Pursuant to a Sales Purchase Agreement (“SPA”) concluded in 2000, EGPC (as later novated to EGAS) was to supply the natural gas for the plant for a period of at least 25 years. The feed-gas to be supplied under the SPA was an important element in the viability of the Damietta project.

Under the SPA, EGPC agreed to obtain from the Egyptian authorities an undertaking not to interfere with the buyer’s rights under the SPA:

EGPC undertakes to procure that the Egyptian authorities undertake not to interfere with the rights of the Buyer under this Agreement, and not to dictate or promulgate any act or regulation which could directly or indirectly affect the rights of the Buyer under this Agreement, or affect the capacity of the Buyer to perform its obligations under this Agreement, even in the case of a N[atural] G[as] shortage in Egypt, save for Force Majeure as defined in this Agreement.

EGPC shall also assist and actively collaborate with Buyer to obtain any authorization and/or legal, administrative or governmental benefit to the Buyer for the Project and/or construction of the Complex.”

In a letter dated 5 August 2000 (“5 August Letter”), the First Under-Secretary of the Egyptian Ministry of Petroleum wrote to Union Fenosa confirming:

On behalf of the Ministry of Petroleum I have the pleasure to inform you that the Egyptian Government official [sic.] endorsed the natural gas Sales and Purchase Agreement  signed August 1st , 2000 between UFACEX and EGPC […]”

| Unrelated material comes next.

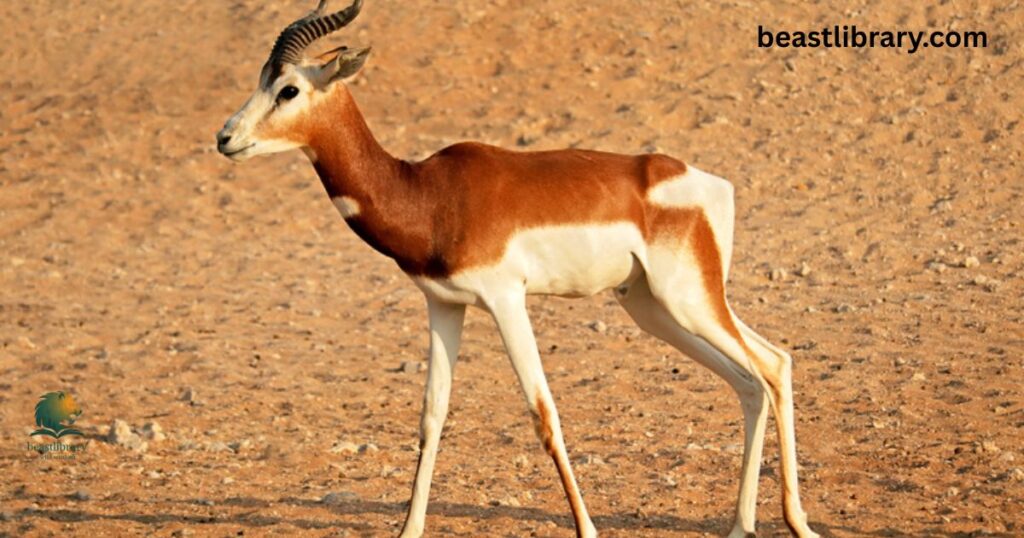 Antelpo - animal with hooves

In the event, EGAS failed to meet its feed-gas supply obligations under the SPA. Between 2006 and 2012, its annual gas supply ranged between 84% and 61% of the contractually agreed quantity. This shortfall was caused by:

  1. Egypt’s long-standing policies of encouraging and subsidising domestic gas and electricity use, together with a failure to encourage the discovery of gas reserves.  As foreseen by Wood Mackenzie in 2007, this resulted in a “supply-demand gap”. The logical result was the curtailment of gas to the Damietta project.
  2. Subsequently, the Government of Egypt decided to discriminate between users of gas.  As part of this discrimination, the Egyptian Government directed EGAS to limit and eventually halt supplies under the SPA. The purpose of this discrimination was the give priority to domestic users. 

Spain-Egypt BIT

Article 4(1) of the Spain-Egypt BIT requires Egypt “to guarantee in its territory fair and equitable treatment of investments made by investors of the other party” (“FET Standard”).

Decision on the merits

The ICSID Tribunal found that Egypt had breached the BIT’s FET standard. However, it did so on grounds more narrowly than those asserted by Union Fenosa.

The ICSID Tribunal was content to apply under Article 4(1) the customary international law standard of, inter alia, prohibiting conduct which is unjust, arbitrary, unfair, discriminatory or in violation of due process, including conduct that frustrates the investor’s “legitimate expectations”.

As to the scope of “legitimate expectations”, the ICSID Tribunal adopted the approach set out in Philip Morris v Uruguay (2016) that: “It clearly emerges from the analysis of the FET standard by investment tribunals that legitimate expectations depend on specific undertakings and representations made by the host State to induce investors to make an investment”.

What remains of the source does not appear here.